Three key factors that underpinned Dubai’s secondary residential market growth

The ongoing desire to own instead of rent, has driven the market forward

Gulf Business

As we entered 2021, it was impossible to predict the long-term impact that Covid-19 would have on the Dubai property market. Compared with many parts of the world, Dubai’s tight restrictions of lockdown were thankfully behind us. All things considered, there is no doubt that 2020 ended well.

By year-end, with pricing in the market escalating, along with buyer appetite, and indications of house prices bottoming out in the secondary residential market, the overall sentiment was positive. However, there was still a level of uncertainty at the start of 2021.

Thankfully, it wasn’t long before optimism prevailed – as the government strongly supported businesses and economic growth, demand continued to rise. Added to this, Dubai’s phenomenal handling of Covid-19 challenges, including a seemingly water-tight vaccination plan, further boosted confidence. Soon we were seeing transaction figures reach highs that had not been seen in decades, with a multitude of factors contributing to this ‘perfect storm’.

Three key factors included:
1. Loan-to-value increasing to 80 per cent for first time buyers
Only having to make a 20 per cent down payment made a massive impact on buyer demand – it was suddenly far more affordable to get on the property ladder.
2. Interest rates at an all time low
Flexible financing solutions from many of the region’s banks further encouraged buyers to enter the market. We saw some exceptional offers from lenders in Dubai, reflecting a trend which has been witnessed globally.
3. Desire to own your own space

Demand to own property is higher than ever, with month-on-month record transfers being registered by the Dubai Land Department. Even with the memories of lockdown fairly distant, we saw a fundamental shift in people’s perception of homes. Having personal space to feel safe, spend valuable time with family, and comfortably work from home has become more important than ever.

We saw many active buyers searching for homes with considerable outdoor space. But it wasn’t just secondary market villas and townhouses that saw a rise in demand; apartments with large balconies proved to be a huge USP for those still looking for the high-rise lifestyle.

The above factors, with the ongoing desire to own instead of rent, has driven the market forward.
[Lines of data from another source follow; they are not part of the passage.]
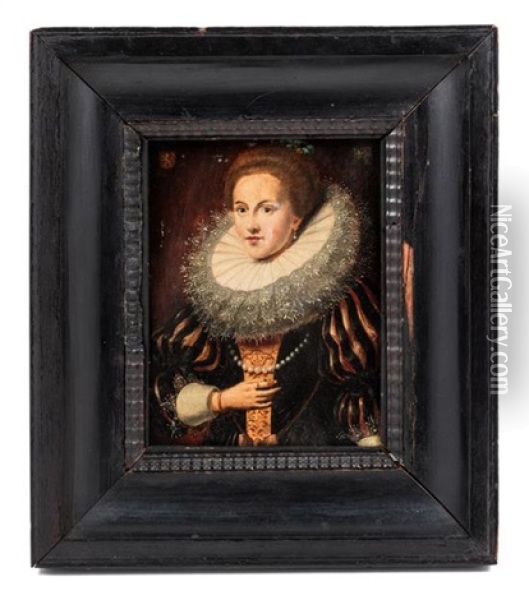 Portrait Of A Lady With A Lace Collar Oil Painting - Paul van Somer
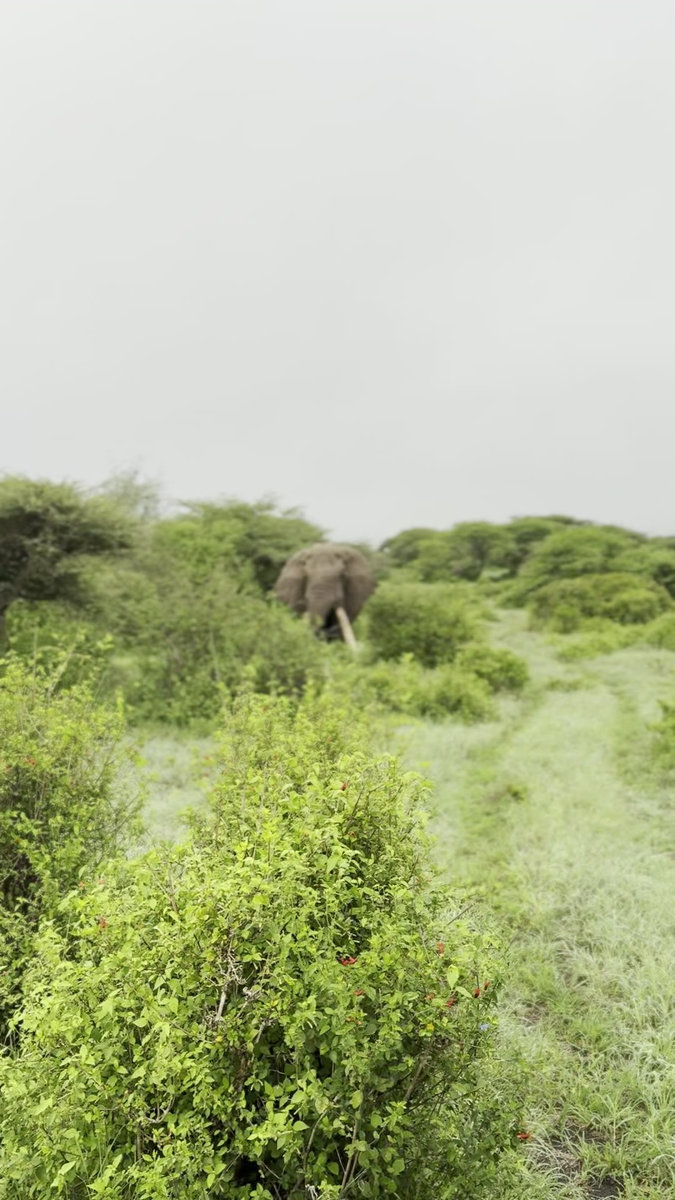 A Safari at Ol Donyo | Kenya’s Crown Jewel of Conservation, Luxury, and Wild Majesty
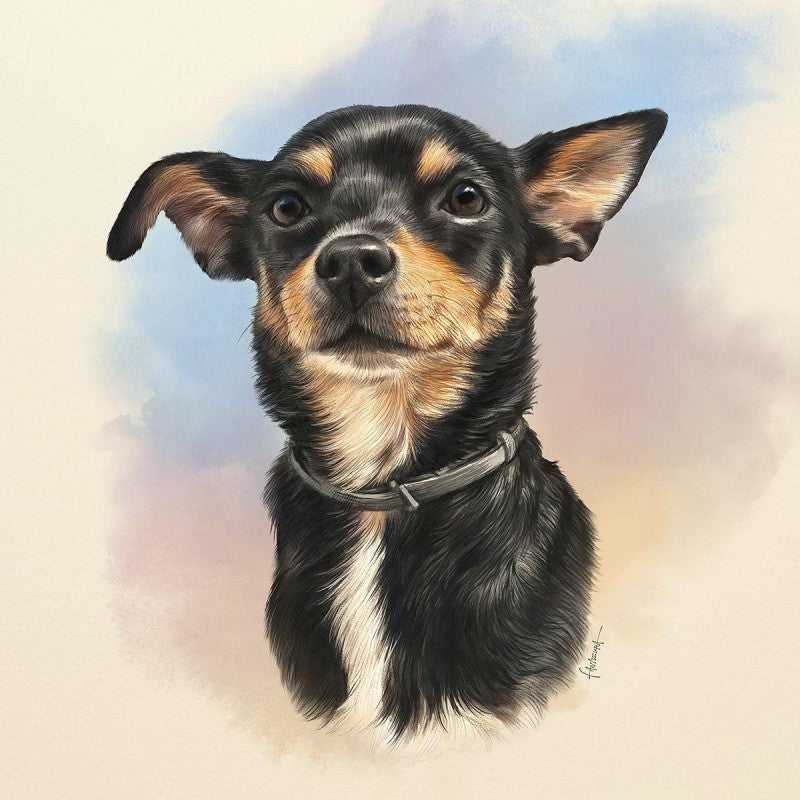 Dog Chihuahua | Diamond Painting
Most areas in Dubai have seen increased valuations – we even saw year-on-year hikes of 35-40 per cent in certain places.

All segments – including the luxury market – have seen substantial growth. Many investors are also looking to the short-term rental market for substantial returns, with this type of property seeing net ROI of 10 per cent.

Now is the time
There’s no denying that the first half of the year has exceeded expectations. I strongly believe that the remainder of 2021 will continue to see growth. A steady buyer appetite will keep the demand healthy. And we can expect to see more sellers materialise as prices reach far more attractive levels compared with the record lows of last year.

I don’t see the market slowing down anytime soon. In the 10+ years of experience I’ve gained as a real estate broker in this unique property market, I believe the economic climate has never been more favourable to buy.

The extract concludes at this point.